# American looking to make the move to Canada



## DocRyan (Jul 31, 2009)

Hello all;
I am looking into possibly moving North of the border in the next 5yrs is there any advice you folks could give me on what city/province area to choose in Canada over another? I'll give you some info on myself so you can get an idea of what demographic I may fit into.
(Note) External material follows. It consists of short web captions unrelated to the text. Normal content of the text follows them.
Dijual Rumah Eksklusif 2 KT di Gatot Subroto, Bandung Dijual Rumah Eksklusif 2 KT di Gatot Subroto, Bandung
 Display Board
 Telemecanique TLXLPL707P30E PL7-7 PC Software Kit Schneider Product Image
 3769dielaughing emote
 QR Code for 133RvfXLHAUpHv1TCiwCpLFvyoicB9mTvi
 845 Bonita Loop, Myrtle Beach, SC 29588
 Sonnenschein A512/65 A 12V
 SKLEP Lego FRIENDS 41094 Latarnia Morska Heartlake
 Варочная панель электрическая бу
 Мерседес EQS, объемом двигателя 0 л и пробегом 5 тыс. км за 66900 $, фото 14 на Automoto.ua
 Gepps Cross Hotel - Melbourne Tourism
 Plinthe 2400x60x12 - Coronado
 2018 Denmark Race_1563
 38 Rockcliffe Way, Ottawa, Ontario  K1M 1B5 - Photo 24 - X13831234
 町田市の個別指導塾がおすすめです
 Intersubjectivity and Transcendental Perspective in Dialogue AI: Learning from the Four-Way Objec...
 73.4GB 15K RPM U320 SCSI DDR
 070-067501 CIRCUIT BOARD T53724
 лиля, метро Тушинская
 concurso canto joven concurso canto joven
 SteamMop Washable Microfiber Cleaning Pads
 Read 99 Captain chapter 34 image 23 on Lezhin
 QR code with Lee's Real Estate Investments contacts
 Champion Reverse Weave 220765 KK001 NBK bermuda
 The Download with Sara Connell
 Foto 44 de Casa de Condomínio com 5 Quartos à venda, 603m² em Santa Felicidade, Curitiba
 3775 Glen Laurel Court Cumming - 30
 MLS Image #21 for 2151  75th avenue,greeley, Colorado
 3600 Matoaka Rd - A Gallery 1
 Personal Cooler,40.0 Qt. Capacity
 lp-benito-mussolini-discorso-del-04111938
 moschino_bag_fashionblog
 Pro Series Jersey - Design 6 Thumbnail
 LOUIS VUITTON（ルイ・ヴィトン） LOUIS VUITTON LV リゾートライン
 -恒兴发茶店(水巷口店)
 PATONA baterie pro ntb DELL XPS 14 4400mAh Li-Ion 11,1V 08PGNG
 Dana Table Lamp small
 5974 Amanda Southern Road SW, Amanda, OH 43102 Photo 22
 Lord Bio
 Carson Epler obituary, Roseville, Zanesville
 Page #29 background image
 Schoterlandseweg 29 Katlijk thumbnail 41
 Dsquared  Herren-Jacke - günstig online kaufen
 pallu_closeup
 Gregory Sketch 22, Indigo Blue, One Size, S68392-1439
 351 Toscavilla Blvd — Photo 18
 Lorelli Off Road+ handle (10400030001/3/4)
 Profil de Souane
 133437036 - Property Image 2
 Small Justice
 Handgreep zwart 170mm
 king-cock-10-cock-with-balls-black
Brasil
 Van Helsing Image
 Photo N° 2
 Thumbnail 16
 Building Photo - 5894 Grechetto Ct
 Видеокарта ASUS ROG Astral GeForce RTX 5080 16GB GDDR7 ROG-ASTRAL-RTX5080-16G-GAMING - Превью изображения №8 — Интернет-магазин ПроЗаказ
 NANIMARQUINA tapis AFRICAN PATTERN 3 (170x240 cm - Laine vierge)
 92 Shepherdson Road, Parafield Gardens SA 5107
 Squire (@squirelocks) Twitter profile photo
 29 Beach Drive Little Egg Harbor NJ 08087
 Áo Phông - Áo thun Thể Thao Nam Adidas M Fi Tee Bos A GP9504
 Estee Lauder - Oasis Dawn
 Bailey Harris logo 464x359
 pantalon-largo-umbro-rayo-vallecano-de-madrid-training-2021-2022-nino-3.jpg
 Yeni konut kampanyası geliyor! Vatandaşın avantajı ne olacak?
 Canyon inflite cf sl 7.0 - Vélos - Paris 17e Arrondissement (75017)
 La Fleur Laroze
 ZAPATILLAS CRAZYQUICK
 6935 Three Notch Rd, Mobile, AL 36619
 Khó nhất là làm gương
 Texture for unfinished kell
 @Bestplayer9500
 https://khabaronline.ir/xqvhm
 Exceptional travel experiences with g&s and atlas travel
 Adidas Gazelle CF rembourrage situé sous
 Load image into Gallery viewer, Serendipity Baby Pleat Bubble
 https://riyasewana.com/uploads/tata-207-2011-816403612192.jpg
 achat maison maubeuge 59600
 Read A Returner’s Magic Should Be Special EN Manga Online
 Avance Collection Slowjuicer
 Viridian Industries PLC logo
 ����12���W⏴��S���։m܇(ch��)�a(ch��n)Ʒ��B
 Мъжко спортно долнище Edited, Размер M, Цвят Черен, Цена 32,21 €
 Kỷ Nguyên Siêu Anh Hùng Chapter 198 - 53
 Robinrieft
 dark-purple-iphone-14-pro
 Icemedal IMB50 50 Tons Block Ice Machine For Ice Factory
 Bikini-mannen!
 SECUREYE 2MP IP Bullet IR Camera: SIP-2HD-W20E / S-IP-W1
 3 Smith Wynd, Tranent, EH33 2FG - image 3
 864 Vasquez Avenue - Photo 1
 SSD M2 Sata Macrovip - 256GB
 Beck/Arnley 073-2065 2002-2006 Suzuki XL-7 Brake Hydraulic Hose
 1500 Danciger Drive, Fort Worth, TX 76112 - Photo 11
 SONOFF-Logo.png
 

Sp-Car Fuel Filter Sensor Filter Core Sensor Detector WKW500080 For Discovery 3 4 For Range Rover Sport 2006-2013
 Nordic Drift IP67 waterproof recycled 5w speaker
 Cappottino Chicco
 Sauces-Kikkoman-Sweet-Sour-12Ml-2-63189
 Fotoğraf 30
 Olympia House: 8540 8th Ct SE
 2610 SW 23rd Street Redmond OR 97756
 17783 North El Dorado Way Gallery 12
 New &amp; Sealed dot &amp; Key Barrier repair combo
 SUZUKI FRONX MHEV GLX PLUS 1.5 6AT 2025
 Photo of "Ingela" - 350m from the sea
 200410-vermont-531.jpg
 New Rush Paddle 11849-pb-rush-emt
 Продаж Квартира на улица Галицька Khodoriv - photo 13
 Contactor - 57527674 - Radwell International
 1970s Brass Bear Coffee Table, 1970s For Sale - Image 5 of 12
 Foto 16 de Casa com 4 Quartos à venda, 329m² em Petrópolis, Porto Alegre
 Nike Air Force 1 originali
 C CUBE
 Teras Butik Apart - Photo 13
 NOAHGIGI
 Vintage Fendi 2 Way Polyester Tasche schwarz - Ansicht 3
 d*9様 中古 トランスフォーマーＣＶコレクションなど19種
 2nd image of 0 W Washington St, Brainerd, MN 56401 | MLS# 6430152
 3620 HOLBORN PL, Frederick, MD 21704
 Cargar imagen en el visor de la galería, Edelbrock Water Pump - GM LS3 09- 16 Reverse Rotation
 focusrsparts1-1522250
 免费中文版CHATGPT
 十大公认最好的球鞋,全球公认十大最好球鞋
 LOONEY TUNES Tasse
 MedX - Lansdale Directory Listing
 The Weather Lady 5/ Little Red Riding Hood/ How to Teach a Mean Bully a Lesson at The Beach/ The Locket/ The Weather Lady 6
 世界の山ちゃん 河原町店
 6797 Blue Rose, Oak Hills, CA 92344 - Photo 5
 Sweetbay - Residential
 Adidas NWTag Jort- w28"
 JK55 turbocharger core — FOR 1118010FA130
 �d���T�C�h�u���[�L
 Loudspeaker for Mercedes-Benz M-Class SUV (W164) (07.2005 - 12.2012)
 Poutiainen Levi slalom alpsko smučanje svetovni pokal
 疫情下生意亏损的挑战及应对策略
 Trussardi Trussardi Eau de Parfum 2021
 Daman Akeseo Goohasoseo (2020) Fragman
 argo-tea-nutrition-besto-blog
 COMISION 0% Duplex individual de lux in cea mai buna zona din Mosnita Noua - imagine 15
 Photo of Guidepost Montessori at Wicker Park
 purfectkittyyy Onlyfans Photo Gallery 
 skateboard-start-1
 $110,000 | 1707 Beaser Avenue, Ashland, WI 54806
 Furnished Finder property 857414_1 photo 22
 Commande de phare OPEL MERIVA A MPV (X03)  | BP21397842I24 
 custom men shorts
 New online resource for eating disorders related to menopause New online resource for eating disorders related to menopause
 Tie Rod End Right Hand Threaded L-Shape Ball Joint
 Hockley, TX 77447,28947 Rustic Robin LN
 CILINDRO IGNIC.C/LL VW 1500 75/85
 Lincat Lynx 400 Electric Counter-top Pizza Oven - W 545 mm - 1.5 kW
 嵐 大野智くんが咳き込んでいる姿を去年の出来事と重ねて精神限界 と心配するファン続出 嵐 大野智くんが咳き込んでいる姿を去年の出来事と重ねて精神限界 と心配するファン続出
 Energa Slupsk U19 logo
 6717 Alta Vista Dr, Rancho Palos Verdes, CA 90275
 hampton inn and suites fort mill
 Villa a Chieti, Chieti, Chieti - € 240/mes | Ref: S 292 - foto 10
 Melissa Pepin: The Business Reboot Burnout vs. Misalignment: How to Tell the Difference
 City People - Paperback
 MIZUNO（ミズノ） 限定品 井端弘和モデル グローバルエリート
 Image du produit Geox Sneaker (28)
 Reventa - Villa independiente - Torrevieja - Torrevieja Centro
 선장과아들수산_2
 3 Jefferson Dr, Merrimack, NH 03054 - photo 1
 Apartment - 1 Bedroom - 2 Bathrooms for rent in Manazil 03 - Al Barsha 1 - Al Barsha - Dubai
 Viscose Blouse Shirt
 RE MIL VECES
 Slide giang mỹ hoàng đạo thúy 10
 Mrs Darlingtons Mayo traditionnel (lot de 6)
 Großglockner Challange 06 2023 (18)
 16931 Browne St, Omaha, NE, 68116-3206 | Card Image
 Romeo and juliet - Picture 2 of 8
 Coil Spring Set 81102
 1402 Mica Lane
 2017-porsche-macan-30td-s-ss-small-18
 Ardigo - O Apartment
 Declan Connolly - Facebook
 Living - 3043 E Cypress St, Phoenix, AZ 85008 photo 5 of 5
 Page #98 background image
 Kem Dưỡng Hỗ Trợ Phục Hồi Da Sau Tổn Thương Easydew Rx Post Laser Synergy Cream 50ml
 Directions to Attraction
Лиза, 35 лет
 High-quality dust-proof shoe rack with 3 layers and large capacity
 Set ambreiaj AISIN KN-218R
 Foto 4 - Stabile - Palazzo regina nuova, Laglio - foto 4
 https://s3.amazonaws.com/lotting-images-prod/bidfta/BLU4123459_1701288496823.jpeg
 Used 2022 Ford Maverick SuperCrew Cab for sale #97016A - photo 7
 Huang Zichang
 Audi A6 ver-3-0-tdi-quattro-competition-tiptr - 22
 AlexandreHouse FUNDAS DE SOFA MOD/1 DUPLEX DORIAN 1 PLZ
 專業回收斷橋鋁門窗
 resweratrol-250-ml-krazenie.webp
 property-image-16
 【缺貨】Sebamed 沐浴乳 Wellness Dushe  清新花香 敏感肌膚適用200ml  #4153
OH! Also I'm aware there are a bunch of legal hoops to go thru to reside permanently or temporarily in Canada, and I don't want to get into all that on this thread so please just help w/ the logistical part. Thanks!

I. Basic Info
a. 35y/o single & no dependents white male. (except for my 2 cats!lol)

II. Professional
a. 10yrs as a Nurse and I'm also a Licensed Massage Therapist. I'd like to work in a region that
the public understands the importance of alternative medicine w/ the traditional medicine, especially 
Massage Therapy.

b. I'm going under the assumption that Nurses are in need in Canada as bad as they are in the US, 
what markets are best for need as Nurses in Canada?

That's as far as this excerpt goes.